:: Brief ::
Using the listing below, copy exactly each line from the one that has "Voodi või voodid" through the one that has "Tiger Of Sweden Dillan T-shirt In Black"; omit the pictures.

───── Provided records ─────

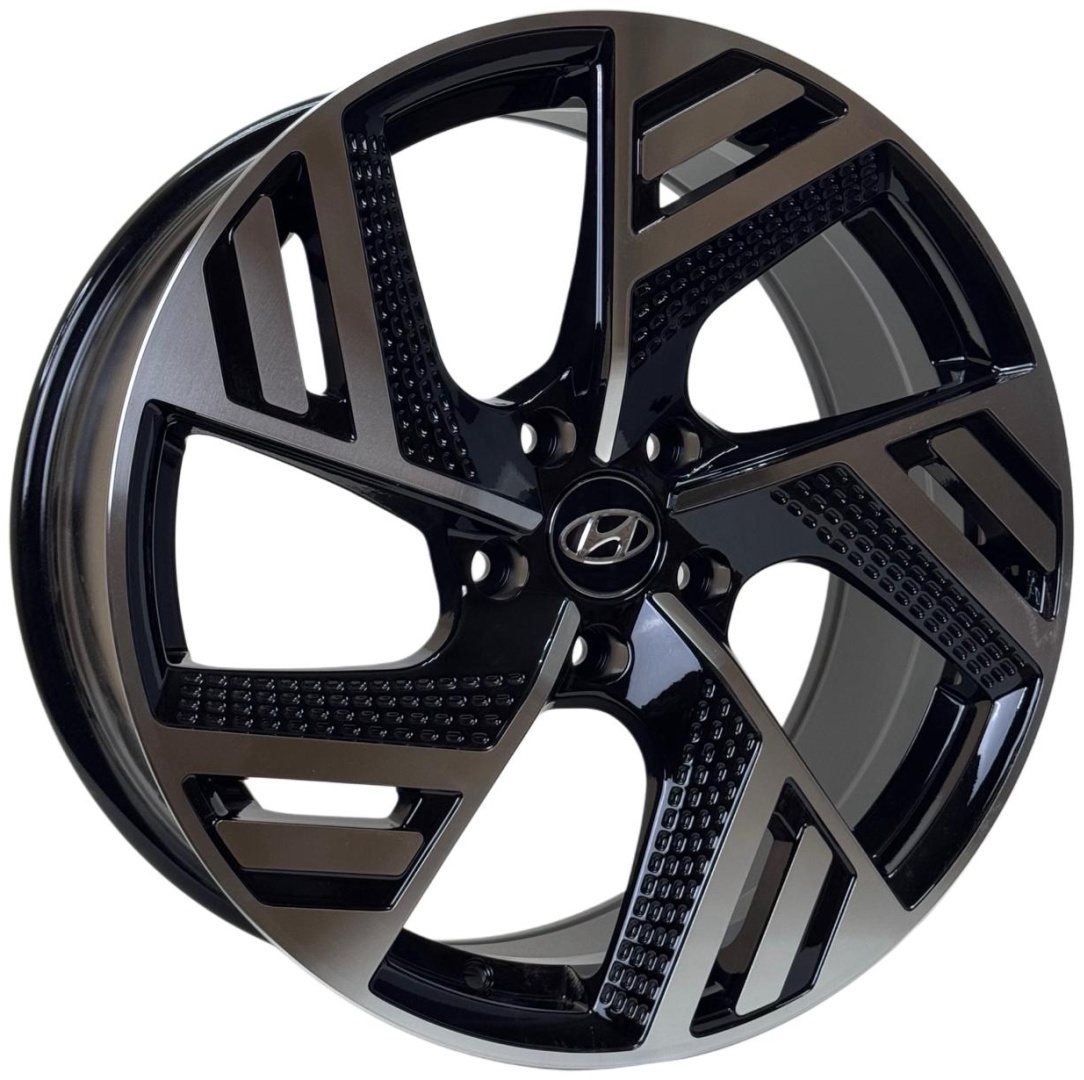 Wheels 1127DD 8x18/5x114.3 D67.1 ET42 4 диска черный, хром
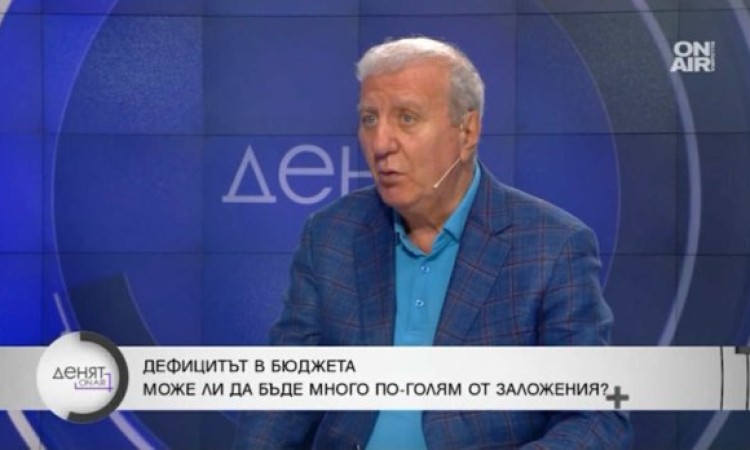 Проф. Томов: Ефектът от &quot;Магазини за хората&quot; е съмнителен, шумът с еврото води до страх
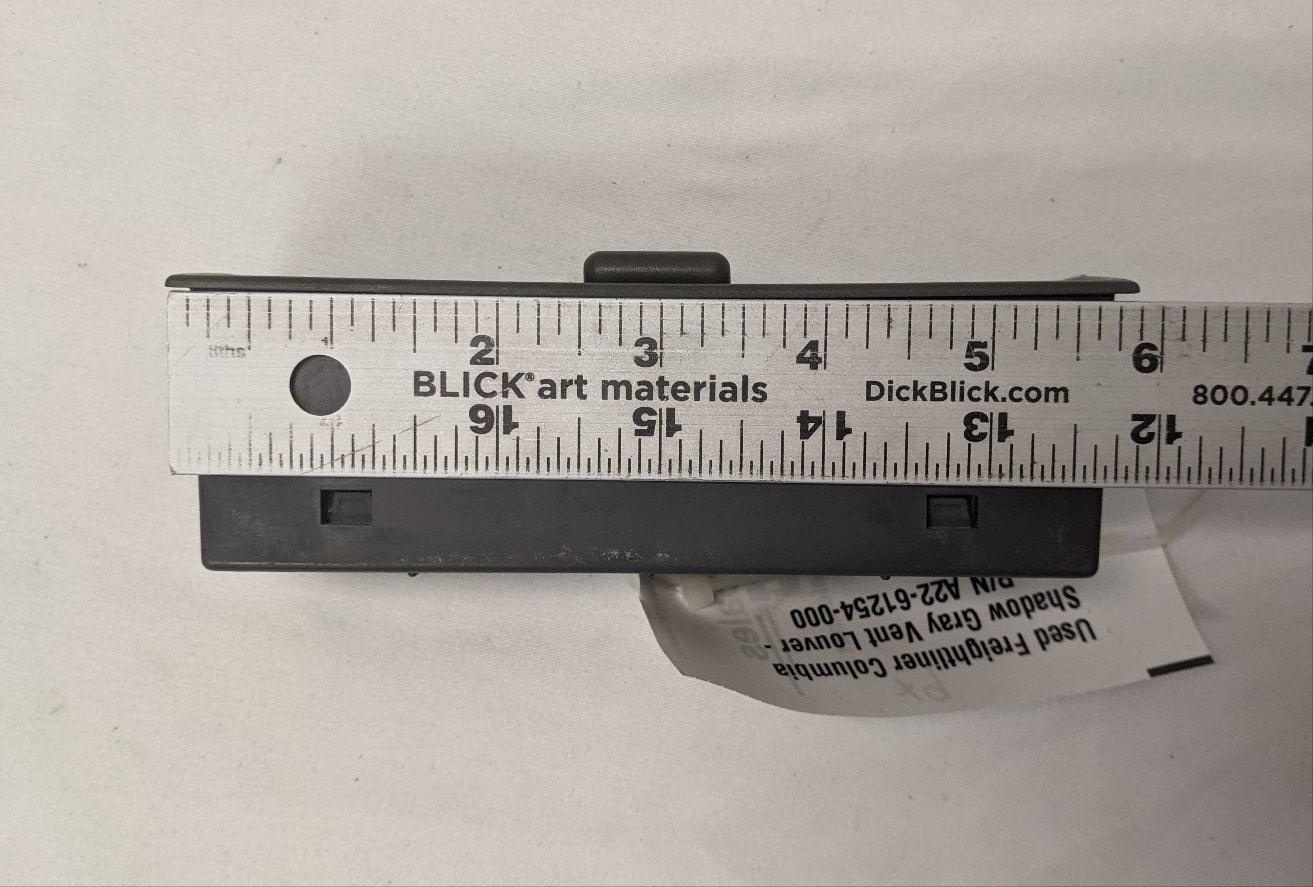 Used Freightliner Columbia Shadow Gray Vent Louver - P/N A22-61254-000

─────
───── Provided records ─────

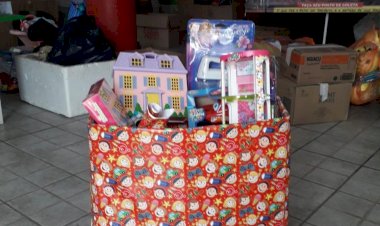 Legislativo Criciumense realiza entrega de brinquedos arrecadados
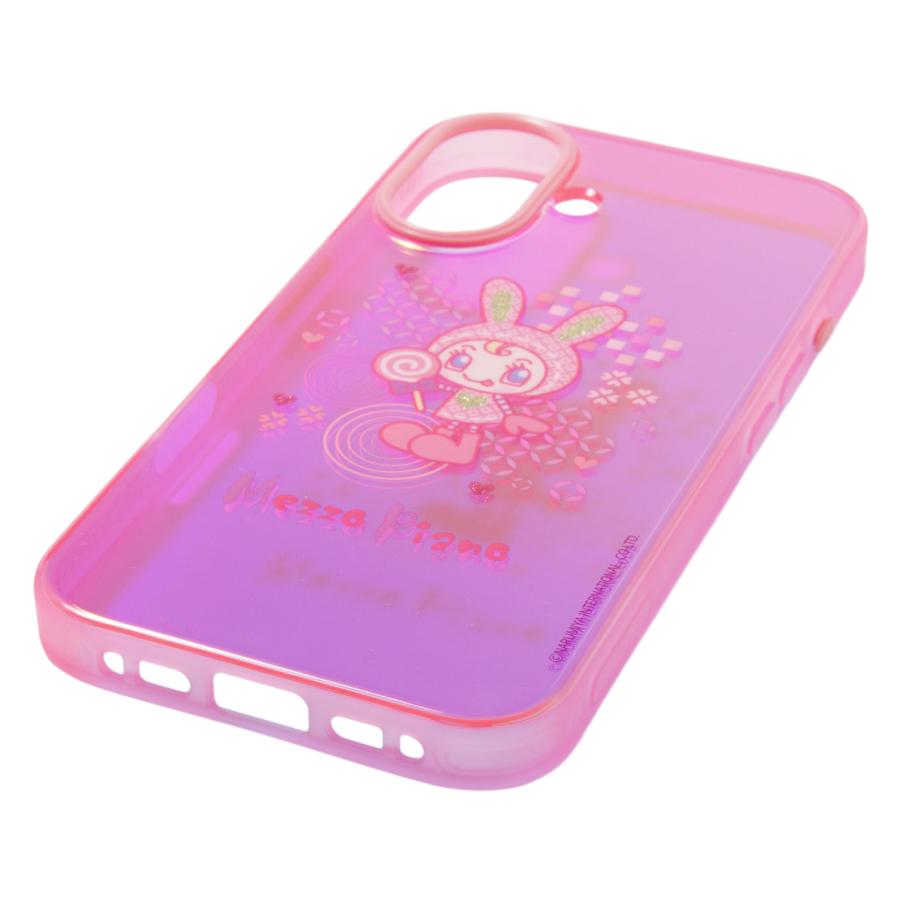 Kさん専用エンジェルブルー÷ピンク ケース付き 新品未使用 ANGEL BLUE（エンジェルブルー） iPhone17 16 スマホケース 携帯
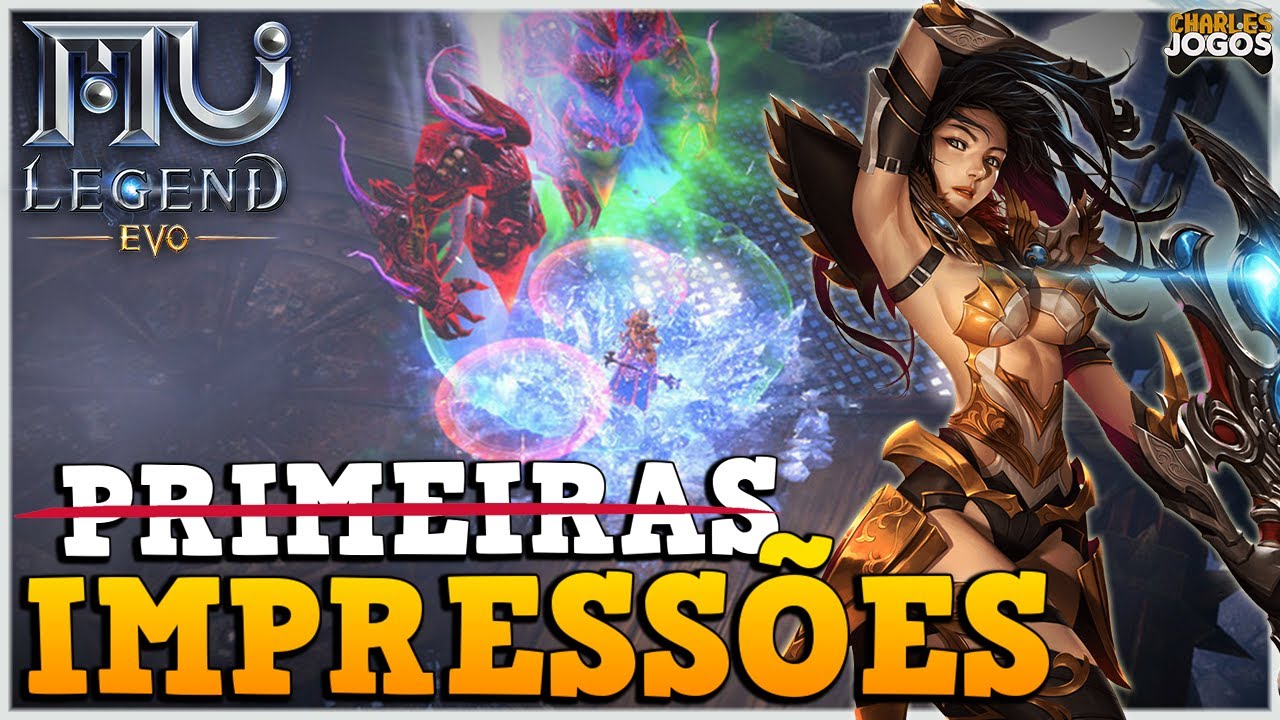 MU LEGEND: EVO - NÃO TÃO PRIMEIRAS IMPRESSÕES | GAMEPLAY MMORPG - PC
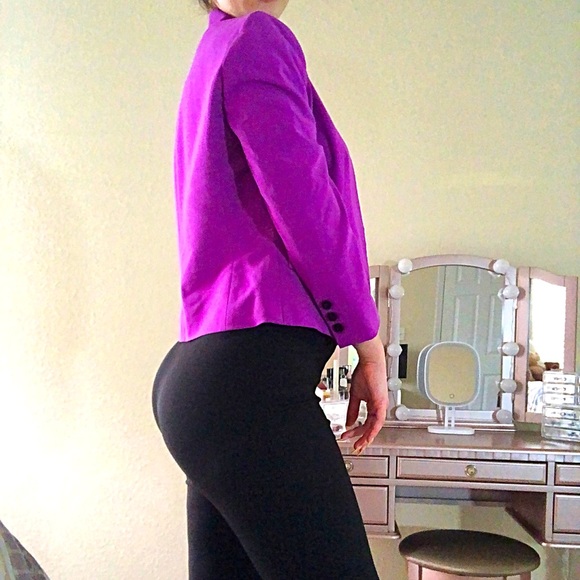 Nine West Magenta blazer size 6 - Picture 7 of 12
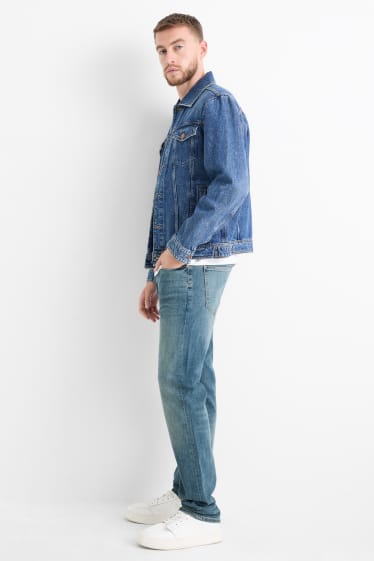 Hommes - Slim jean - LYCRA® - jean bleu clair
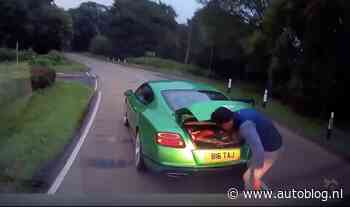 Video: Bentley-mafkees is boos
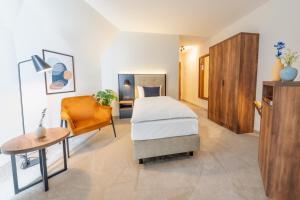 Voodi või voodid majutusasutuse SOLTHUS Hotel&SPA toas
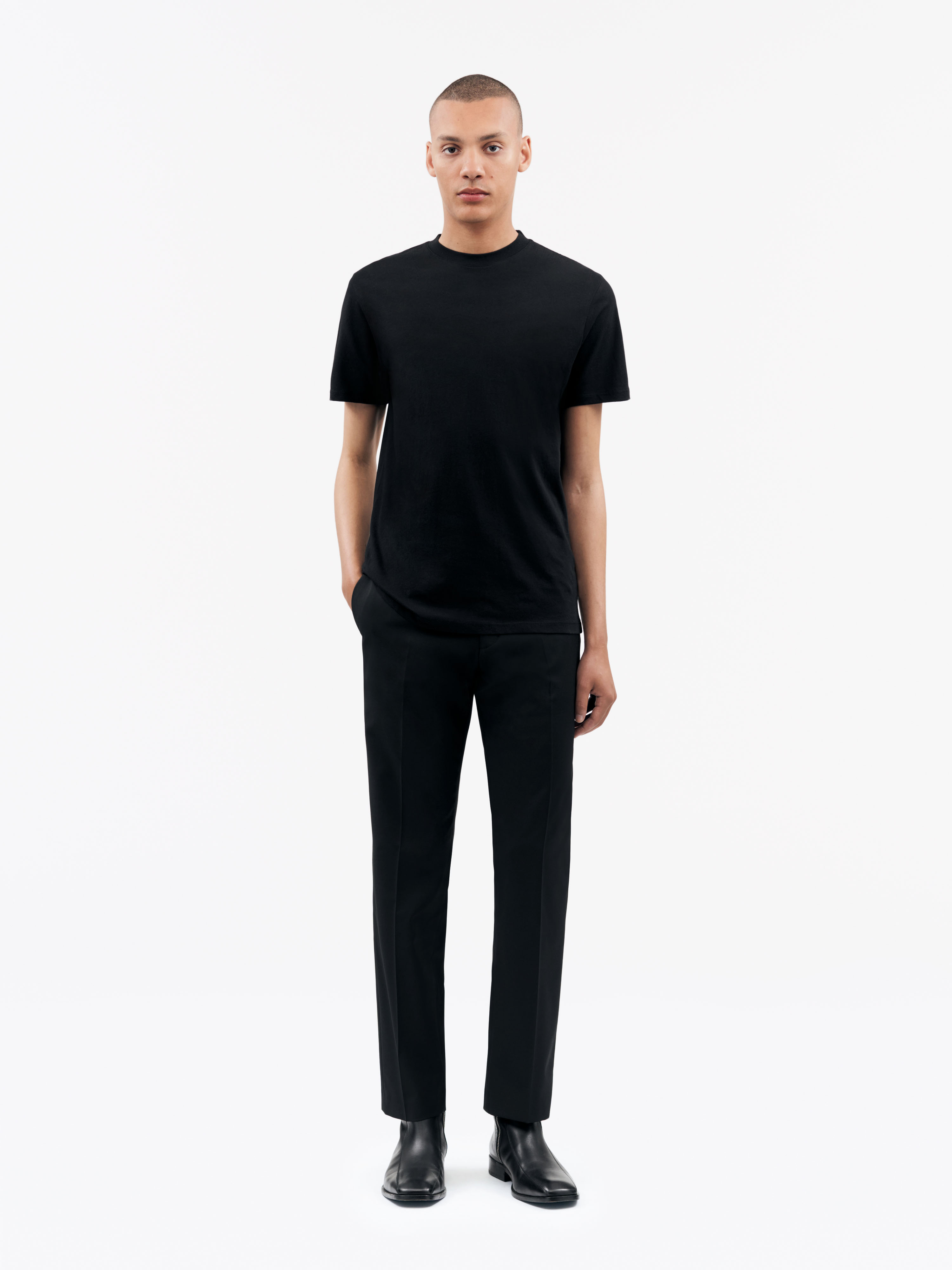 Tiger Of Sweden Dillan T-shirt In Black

─────

:: Solution to this problem ::
 Voodi või voodid majutusasutuse SOLTHUS Hotel&SPA toas
 Tiger Of Sweden Dillan T-shirt In Black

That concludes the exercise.